Re: Syntax and semantics

At 08:43 PM 5/16/00 -0400, Tim Berners-Lee wrote:

>In a distributed system, the semantics must be carried by the message.


>The semantics of HTML tags are not defined in a mathematical
>way but the semantics of a bank transfer are. In the future, we
>will be able to define the semantics of a new language by relating
>it to things like quicken input files, and also by specifying
>mathematical properties of the protocols - such as the relationship
>between a check and a bank statement.  In the meantime,
>we still use English in specifications.  But the crucial thing is to
>recognize that the namespace identifier identifies the language
>of the message and so indirectly its meaning. The namespace
>identifier has to be the hook onto which I can hang semantic

In the above discussion, it is important to note that XML itself does not 
know anything about bank transactions, nor does it provide a mechanism to 
define "withdrawal" and "deposit", explaining things like (1) when you 
withdraw  X an account, you subtract X from the balance of the account, 
when you deposit X to an account, you add X to the balance of the account; 
(2) when you withdraw X from an account, you should carefully record where 
that money goes *to*, or regulators get upset; (3) what I meant by 
"subtraction" in (1) was this... These things are beyond the scope of XML, 
and XML does not need to get involved in these kinds of questions to 
determine what a name is. Still, XML is very useful for defining the 
grammar used for a financial transaction. Tools that build on XML are 
needed if we want to define the semantics.

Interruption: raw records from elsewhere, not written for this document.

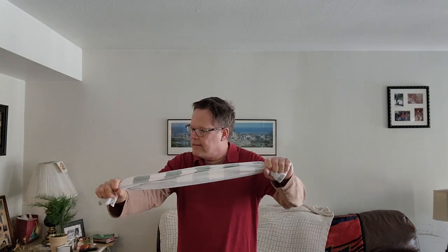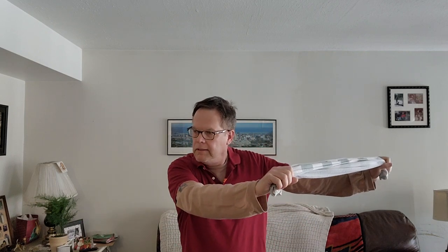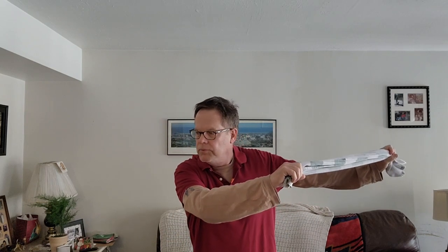Here's a little trick that may help you with your backhand volley. Grab a towel, pull, let it go. It's kind of like a towel snap. Pull, let it go.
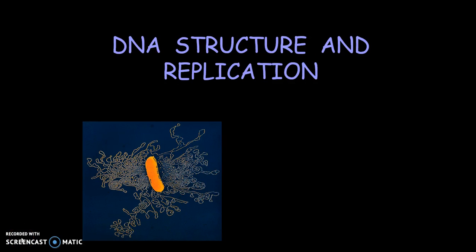Hello. Today we're going to talk about DNA, its structure, and the replication of this. Just some fun facts: the human cell contains at least two meters of DNA, and a nucleus is only five micrometers in diameter. So that's pretty impressive.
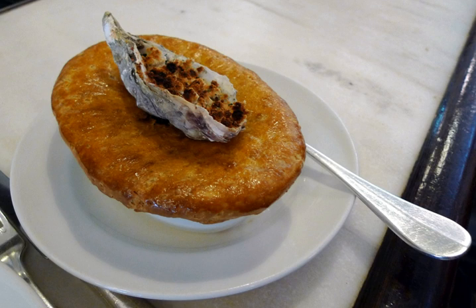Steak and Oyster Pie may be made with Bluff Oysters, and may use brewed alcoholic beverages, such as ales and stouts. This dish is also prepared by Rick Stein using Guinness beer.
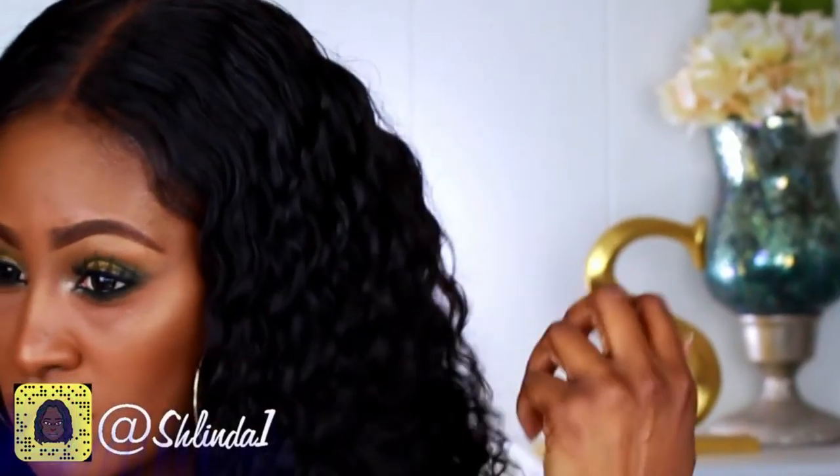What's up my beautiful dreamers and welcome back for another video with your girl Shalinda1. In this video I want to share with you this gorgeous hair that I am rocking today. This hair was sent to me by Hair by DMJ. They are a company out of Newark, New Jersey — shoutout to my hometown — and this is their 9A Deep Curly Hair.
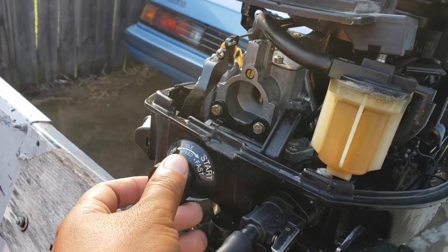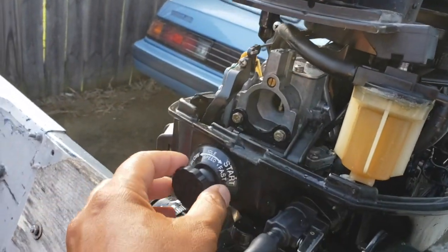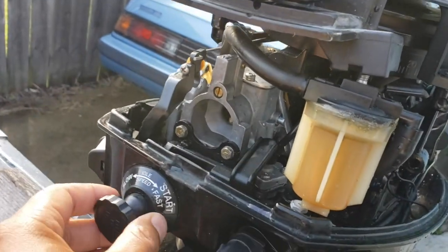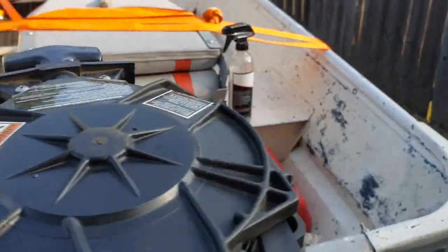I turn this thing all the way to the right, which puts this arm in a more downward position. When I pull this arm, you can see how it moves up and down - it pushes down on the prime button.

Also, I think it is important to recognize that the semantics of a 
transaction may include a number of things not defined or even explicitly 
known by the parties at the time, such as the governing law,  including 
legal precedent. I think that distributed systems will need to be able to 
use globally unique, persistent identifiers in order to reference all the 
information needed to understand even something as simple as a business 
transaction. I doubt that it will be practical to embed all associated 
semantics in every transaction.

Every transaction implicitly invokes a body of law. In the long run, this 
law may be available on the Internet in some form, but I doubt that it will 
all be explicitly present in the message per se or even in the schema. For 
instance, if you agree to sell me a notebook with my name on it, it is 
quite likely that nothing in the transaction specifies that this notebook 
has become a non-fungible good because it has my name on it, and is legally 
different than a notebook without my name on it, which means you can force 
me to buy it if I order it and decide I don't want it after you print it. 
We have to look to legal precedent for that. When you sell me a notebook, 
that transaction enough many legally binding issues regarding what may be 
called paper, what may be called leather or a particular kind of leather, 
what collection procedures you may legally use in the event of non-payment, 
etc. In all likelihood, neither you nor I know a fraction of the laws and 
regulations that govern the sale of that notebook, but each of these 
defines semantics relevant to our exchange.

Making this information explicit and accessible is a difficult problem. 
Fortunately, I don't think we need to solve it in order to determine the 
name of an element or an attribute. I *do* think that we need to ensure 
that our naming method supports globally unique, persistent identifiers so 
that many systems can use the same names without ambiguity or clash.


Received on Wednesday, 17 May 2000 09:53:42 UTC